What you return should be only the lines starting at the one that contains "2013 Ford Fusion" and running to the end of the listing, exactly as written, minus any pictures.
- - -
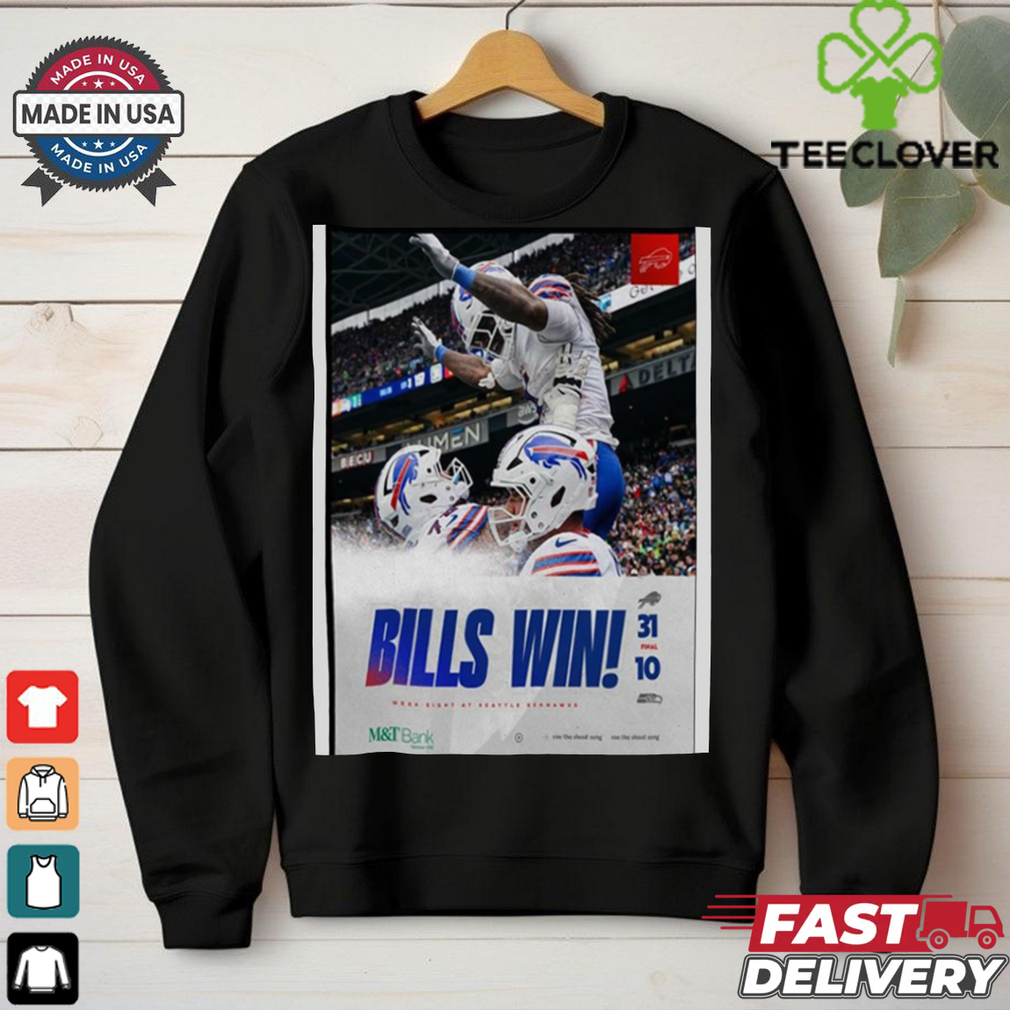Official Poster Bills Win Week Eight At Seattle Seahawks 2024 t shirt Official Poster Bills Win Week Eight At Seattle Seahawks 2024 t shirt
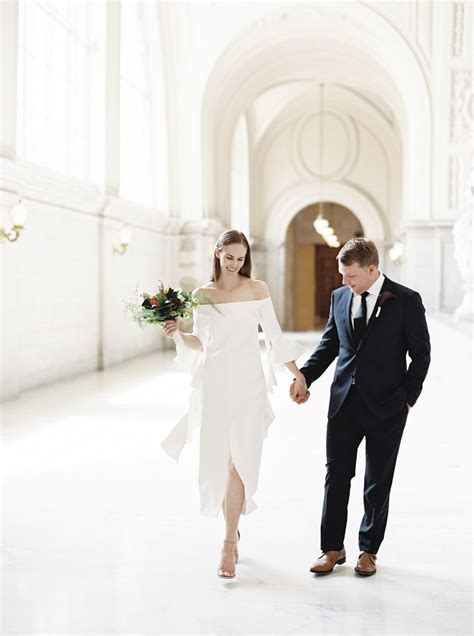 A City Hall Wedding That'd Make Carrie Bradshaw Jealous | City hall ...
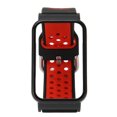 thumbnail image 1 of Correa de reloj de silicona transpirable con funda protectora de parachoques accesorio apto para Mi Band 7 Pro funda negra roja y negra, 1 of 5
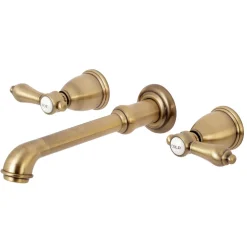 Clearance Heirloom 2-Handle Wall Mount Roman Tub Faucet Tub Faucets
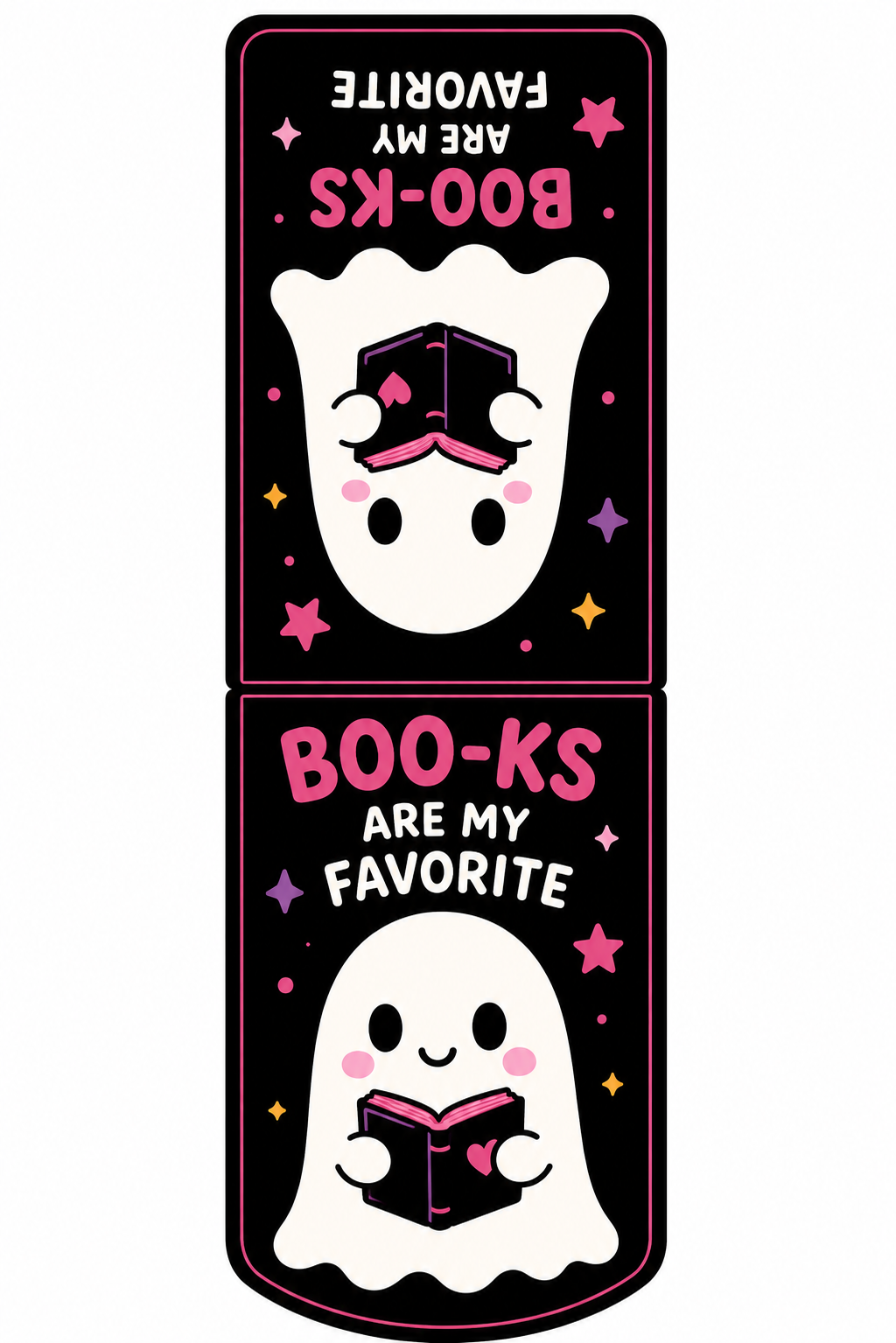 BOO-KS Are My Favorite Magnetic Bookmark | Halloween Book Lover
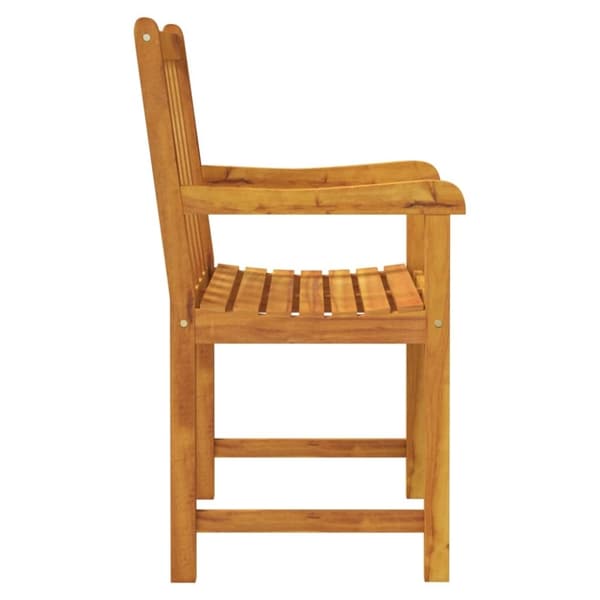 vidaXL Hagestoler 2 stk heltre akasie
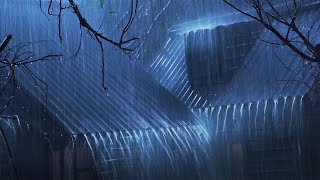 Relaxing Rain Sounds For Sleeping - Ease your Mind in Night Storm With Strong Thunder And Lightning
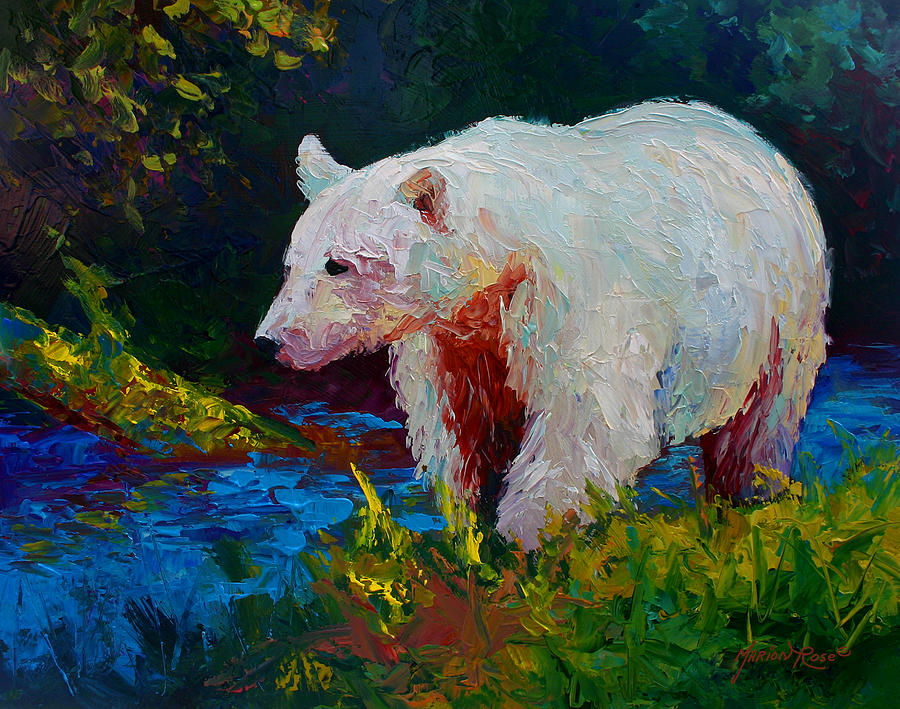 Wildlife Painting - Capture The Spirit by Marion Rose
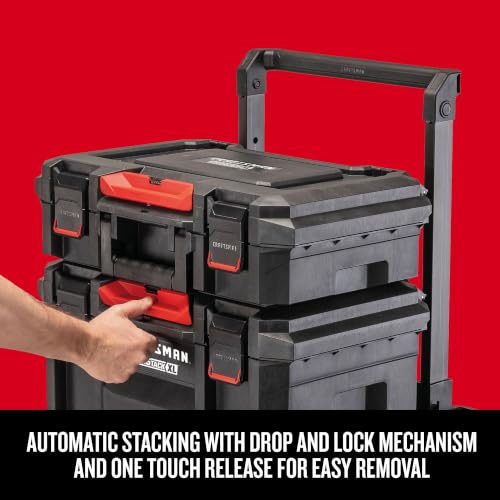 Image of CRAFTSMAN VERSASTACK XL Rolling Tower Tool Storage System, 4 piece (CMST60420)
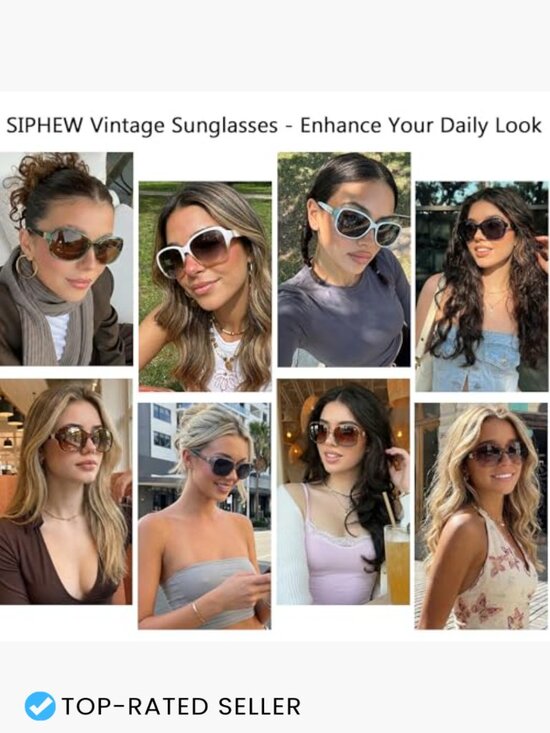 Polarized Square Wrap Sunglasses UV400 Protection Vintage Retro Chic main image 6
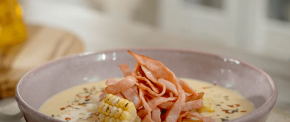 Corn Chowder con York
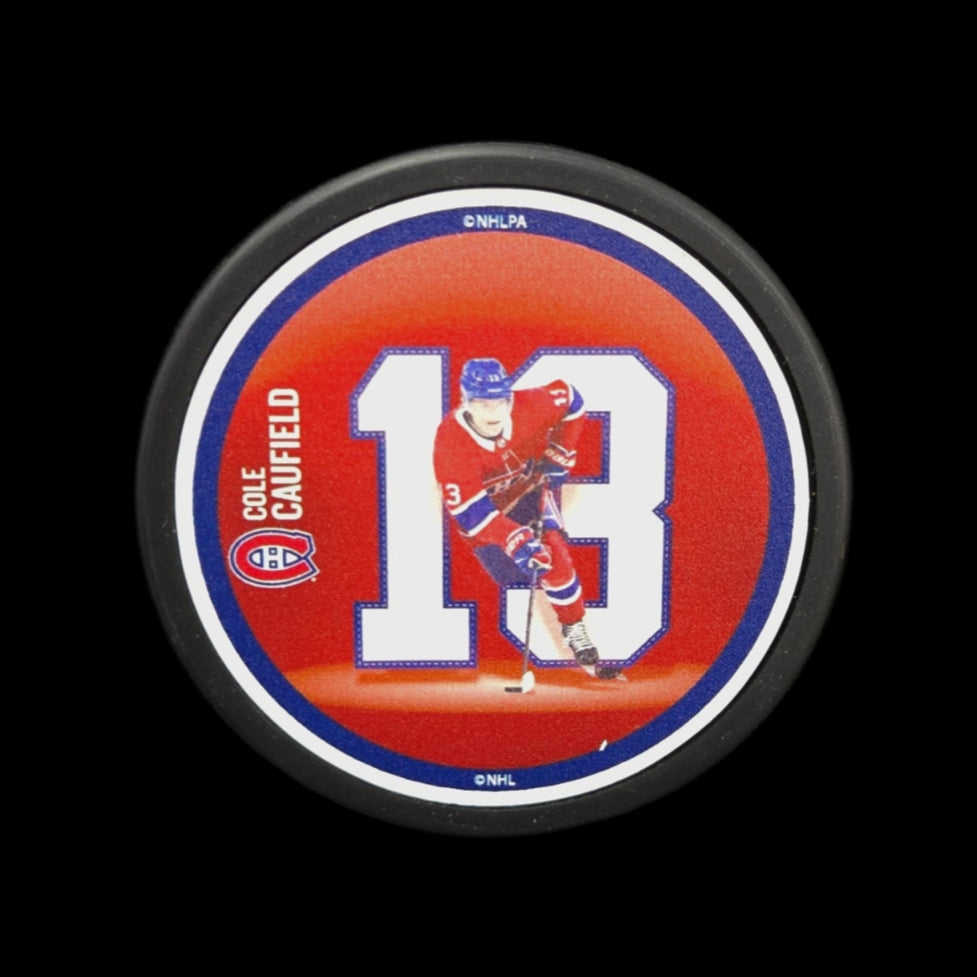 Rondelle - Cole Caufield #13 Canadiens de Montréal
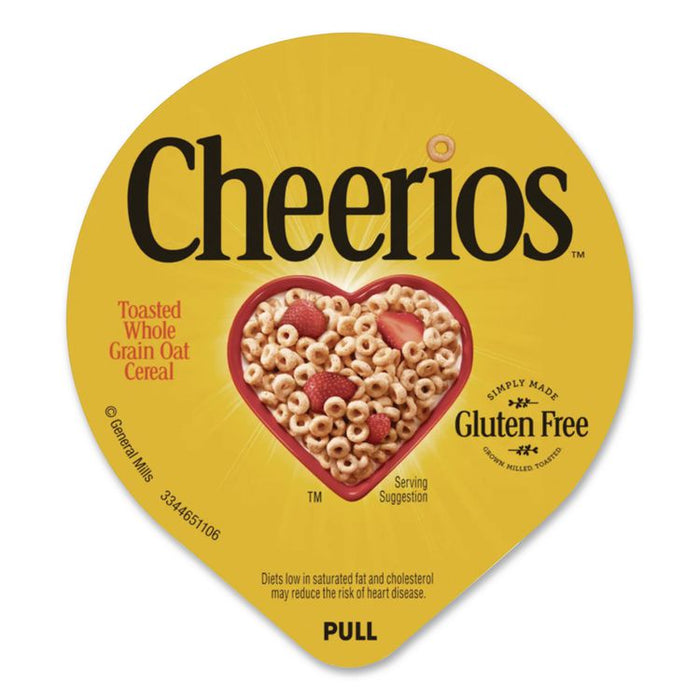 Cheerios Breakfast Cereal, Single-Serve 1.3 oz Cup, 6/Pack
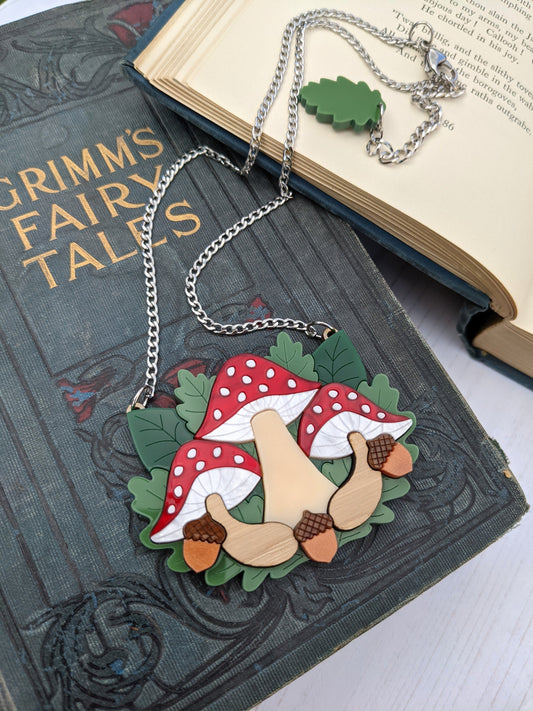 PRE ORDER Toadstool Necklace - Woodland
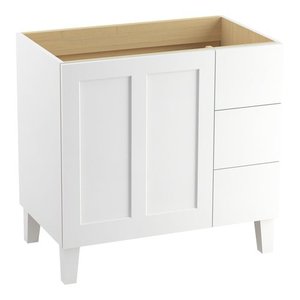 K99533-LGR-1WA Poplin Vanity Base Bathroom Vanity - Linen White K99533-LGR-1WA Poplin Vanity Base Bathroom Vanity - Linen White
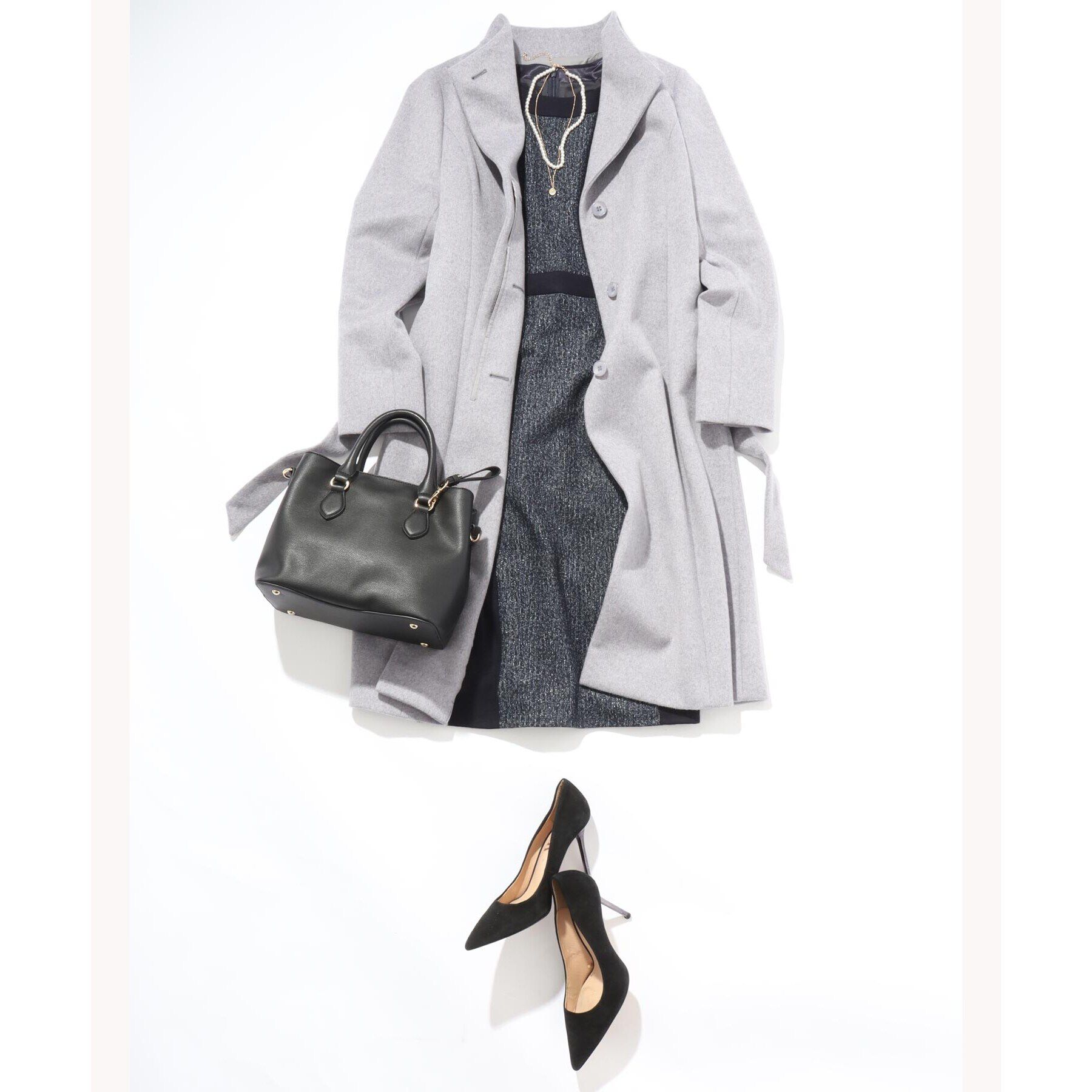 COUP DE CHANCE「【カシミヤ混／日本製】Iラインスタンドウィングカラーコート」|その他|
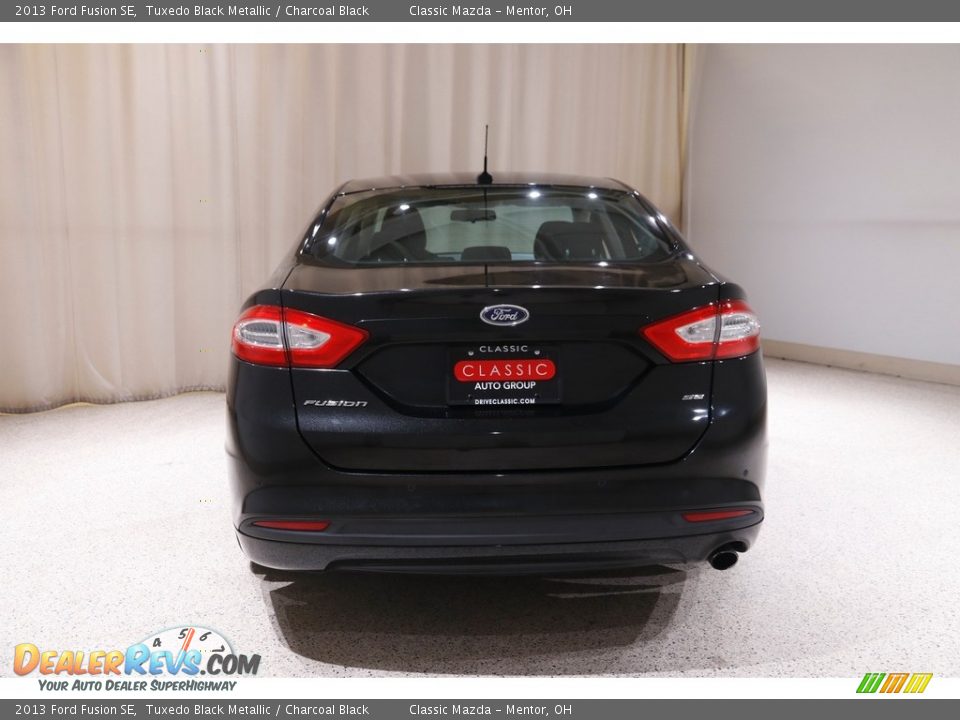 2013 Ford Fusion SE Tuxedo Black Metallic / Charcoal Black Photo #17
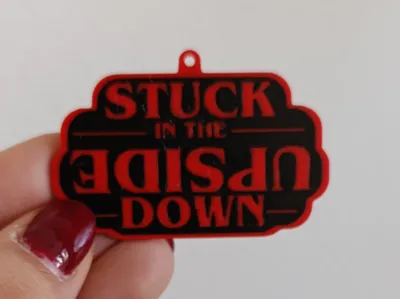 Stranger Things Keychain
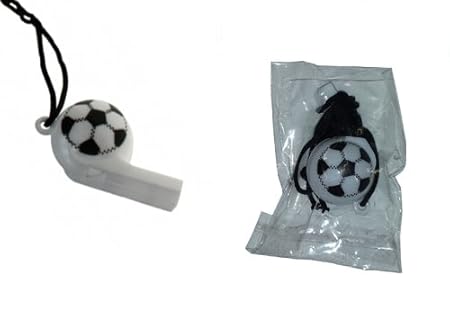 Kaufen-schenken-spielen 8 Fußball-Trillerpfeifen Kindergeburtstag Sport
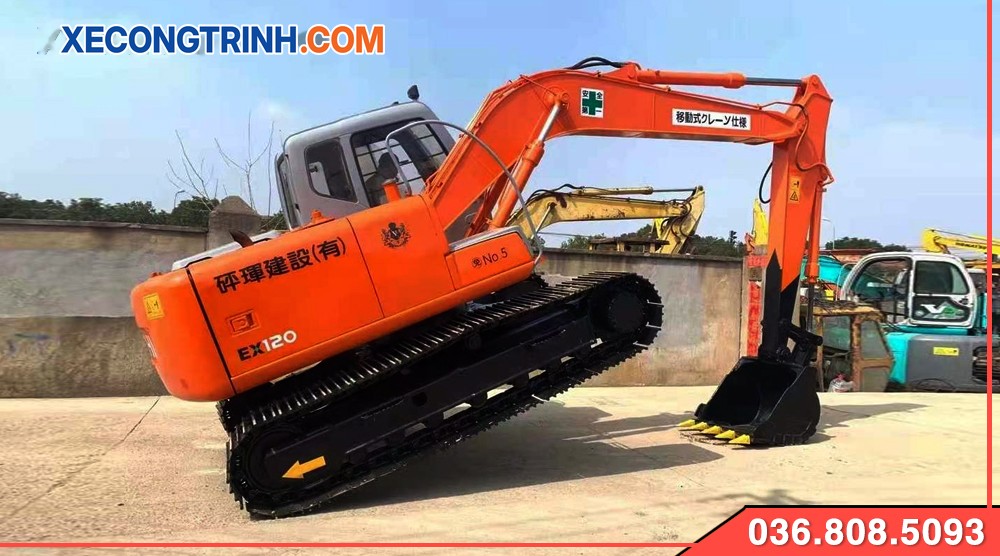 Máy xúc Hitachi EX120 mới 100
- - -
* **Answer space**
 2013 Ford Fusion SE Tuxedo Black Metallic / Charcoal Black Photo #17
 Stranger Things Keychain
 Kaufen-schenken-spielen 8 Fußball-Trillerpfeifen Kindergeburtstag Sport
 Máy xúc Hitachi EX120 mới 100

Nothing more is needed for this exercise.